Work to be completed> Beginning with the line containing "stairs featuring hardwood" and going on through the line containing "Postcard view of", the lines below are to be returned exactly, pictures excluded and nothing added.

Supplied records>
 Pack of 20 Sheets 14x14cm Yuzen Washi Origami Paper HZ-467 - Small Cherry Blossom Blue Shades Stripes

---

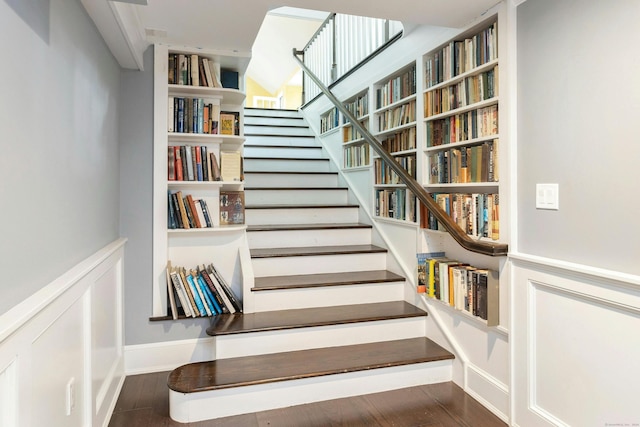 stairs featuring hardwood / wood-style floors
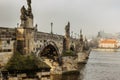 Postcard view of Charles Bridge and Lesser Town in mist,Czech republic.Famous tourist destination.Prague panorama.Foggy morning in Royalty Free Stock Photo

Exercise output>
 stairs featuring hardwood / wood-style floors
 Postcard view of Charles Bridge and Lesser Town in mist,Czech republic.Famous tourist destination.Prague panorama.Foggy morning in Royalty Free Stock Photo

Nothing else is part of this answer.